About this exercise » Among the entries below, copy only the span from the line containing "Кулер Thermalright Assassin King 120 MINI V2" through the line containing "Olympus,CLV,S40,,picture2". Do so exactly, and skip the pictures.

Task data »
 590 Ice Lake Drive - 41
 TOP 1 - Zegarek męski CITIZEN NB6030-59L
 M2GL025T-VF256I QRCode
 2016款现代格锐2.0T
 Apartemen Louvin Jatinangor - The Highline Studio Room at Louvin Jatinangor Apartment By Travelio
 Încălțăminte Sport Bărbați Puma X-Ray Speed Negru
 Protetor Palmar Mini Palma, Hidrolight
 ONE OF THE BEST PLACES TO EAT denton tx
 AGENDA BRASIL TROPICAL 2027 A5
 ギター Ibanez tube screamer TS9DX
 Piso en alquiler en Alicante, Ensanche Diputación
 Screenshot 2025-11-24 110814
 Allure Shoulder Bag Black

---

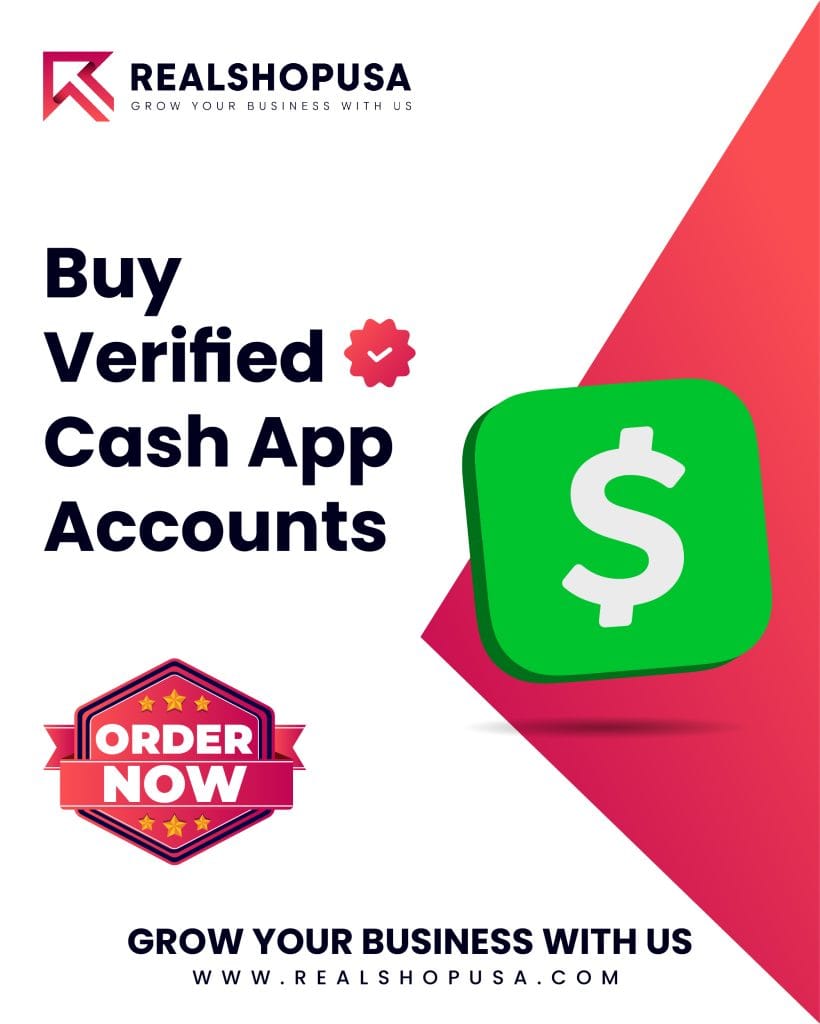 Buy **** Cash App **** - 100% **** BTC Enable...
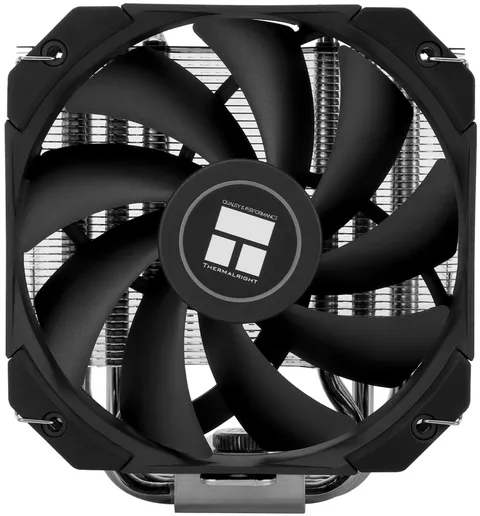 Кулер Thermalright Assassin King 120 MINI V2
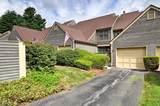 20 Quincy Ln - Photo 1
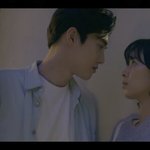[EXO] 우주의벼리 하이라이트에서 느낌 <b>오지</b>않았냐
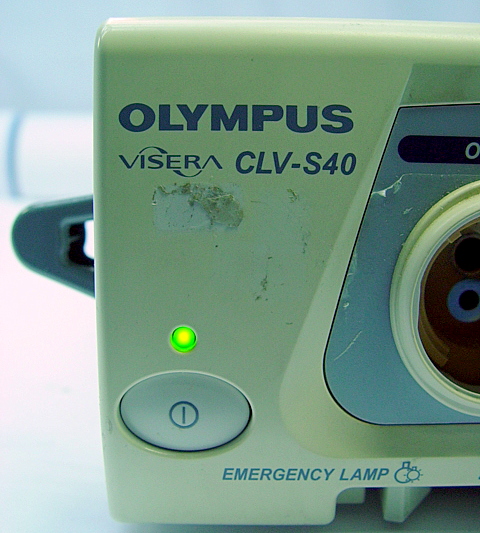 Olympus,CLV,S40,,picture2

==

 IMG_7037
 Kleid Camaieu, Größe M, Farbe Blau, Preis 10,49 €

Response to this exercise »
 Кулер Thermalright Assassin King 120 MINI V2
 20 Quincy Ln - Photo 1
[EXO] 우주의벼리 하이라이트에서 느낌 <b>오지</b>않았냐
 Olympus,CLV,S40,,picture2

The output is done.